Cloning, Isolation, and PCR Amplification of Identified Putative R Gene Analogs (RGAs)

The genomic DNA samples from 25 known pigeonpea cultivars were scanned for presence of identified putative R genes. EPrimer (Spapé et al., 2014) was employed for designing the PCR primer sets. A list of the primer sequences used in PCR amplification are given in Supplementary Table 7. Eluted PCR amplificons were sequenced by the Sanger sequencing method. Isolated pigeonpea resistance gene analogs were deposited to NCBI (Supplementary Table 6).

Discussion

In the present work, we chose two available incomplete draft assemblies and employed a reconciliation algorithm to correct any errors. The two compared draft assemblies A1 and A2 had low genome coverage with several repeats and gaps causing disjoints between contigs. A meta-assembler was employed in the present work based on the genome reconciliation algorithm.
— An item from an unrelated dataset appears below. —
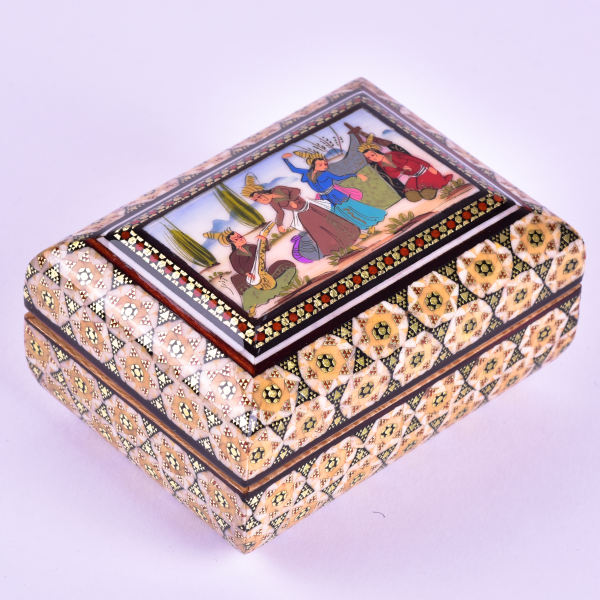 Boîte à bijoux en bois artisanale avec design persan Khatam - Majlesi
The computational framework included a merger between the two draft assemblies, A1 and A2, aligning them by selecting common homologous sequence matches and mismatches present in both, resolving gaps, and other sequence errors, to obtain a consensus and complete assembly.

To begin with we wanted to select the order in which the input draft assemblies were to be merged to gain a subsequent superior alignment with higher read depth and read mapping. After several permutations, we observed that treating assembly A1 as the master and aligning it with assembly A2 yielded better read mapping and lengthier scaffolds of 592,970,700 mb. Merging the two draft assemblies, in course of alignment, the meta-assembler yielded matched and mismatched portions in the merged assembly by identifying homologous genomic regions with a shared set of reads. Mismatches included gaps that had to be filled with right sized read sequences.
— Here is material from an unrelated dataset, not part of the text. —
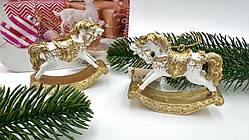 Підвіска керамічна 6х7см коник гойдалка. Колір - золотий (за 1шт)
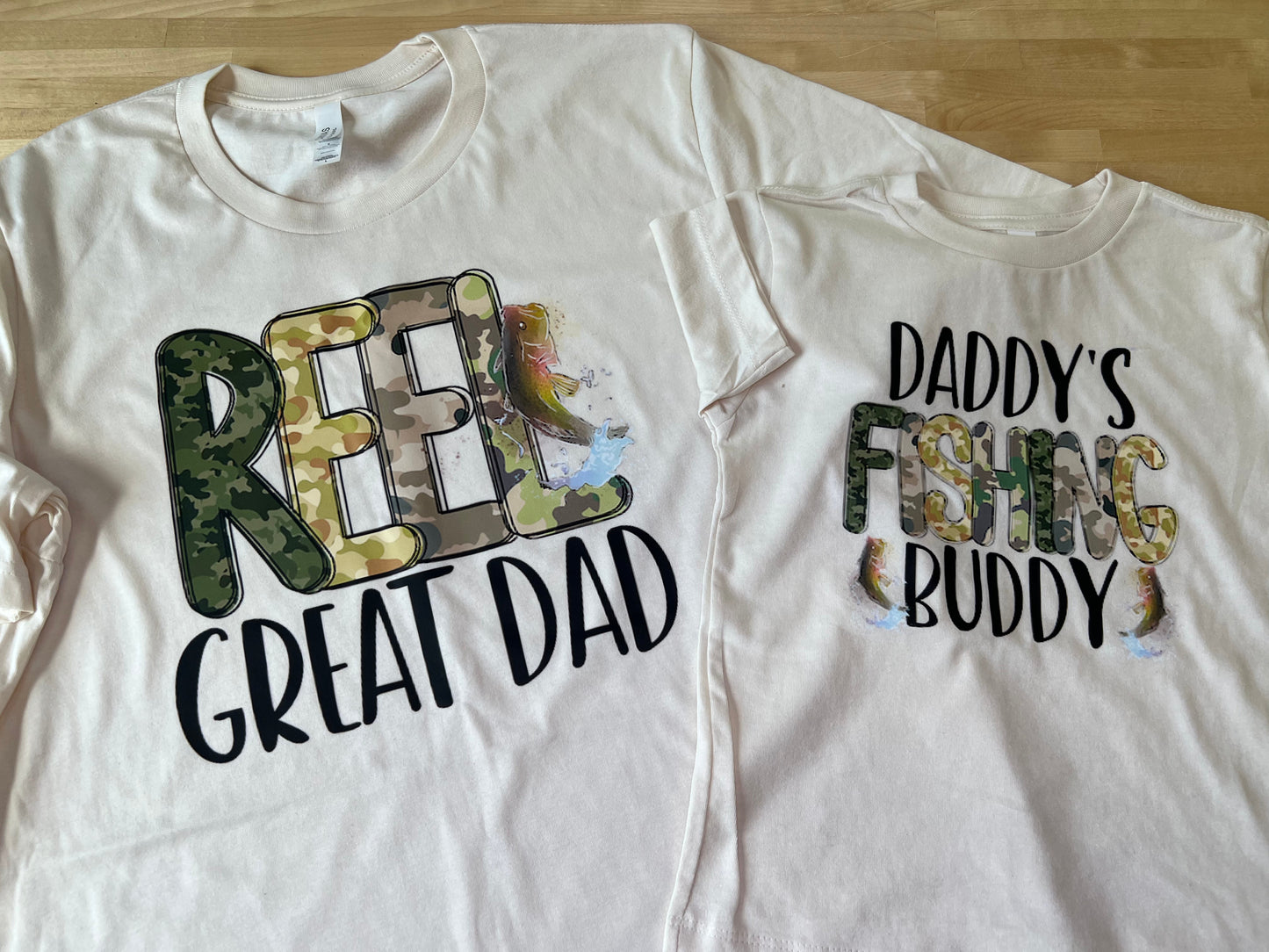 Reel Great Dad and Daddy's Fishing Buddy Bella Canvas T-Shirt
The meta-assembler initially utilized all available raw reads from both draft assemblies using conventional read overlapping techniques to fill the existing gaps and join the contigs. However, no notable success was observed in gap filling and repeat resolution. Alternatively, we employed local pigeonpea pair-end and mate-pair libraries to fill the gaps. The meta-assembler generated statistics comparing the distances between the mapped mates and the required sizes of insert reads to fill a gap. For example, gaps measuring <500 mb were filled by pair-end reads while mate-pair reads were utilized for filling gaps measuring 3–5 KB. Mate-pair sizes selected by the meta-assembler were further compared and validated using indexed and hashed mate libraries employing the alignment tool BIMA (Drucker et al., 2014). There are reports on the use of large sized mate-pairs for filling bigger gaps in assembly (Potato Genome Sequencing Consortium, 2011). In the present study, we employed pair-end and mate-pair reads which contributed significantly to filling gaps and thereby in joining the contigs to the full length scaffolds. Further, iterative use of pair-end and mate-pair libraries during successive alignments resulted in the identification of maximal portions shared by the same library of reads. This in turn contributed to the dramatic improvement of genome coverage in the resultant A3 assembly. The quality of the A3 assembly was judged using metrics—contig number, scaffold lengths, N50 and L50, and genome coverage of 160× with a similarity of 72.7%. The genome similarity score can also be used in estimating the extent of redundancy present in both genomes.

Draft assembly A1 had 360,028 contigs with an N50 and L50 of 5,341 and 30,054, respectively. We obtained genome coverage of 199× with a similarity of 75.6%. Draft assembly A2 had 72,923 contigs with an N50 and L50 of 22,480 and 7,254, respectively. A2 had 592,970,700 scaffolds with a reported genome coverage of 160× with a similarity of 72.7%.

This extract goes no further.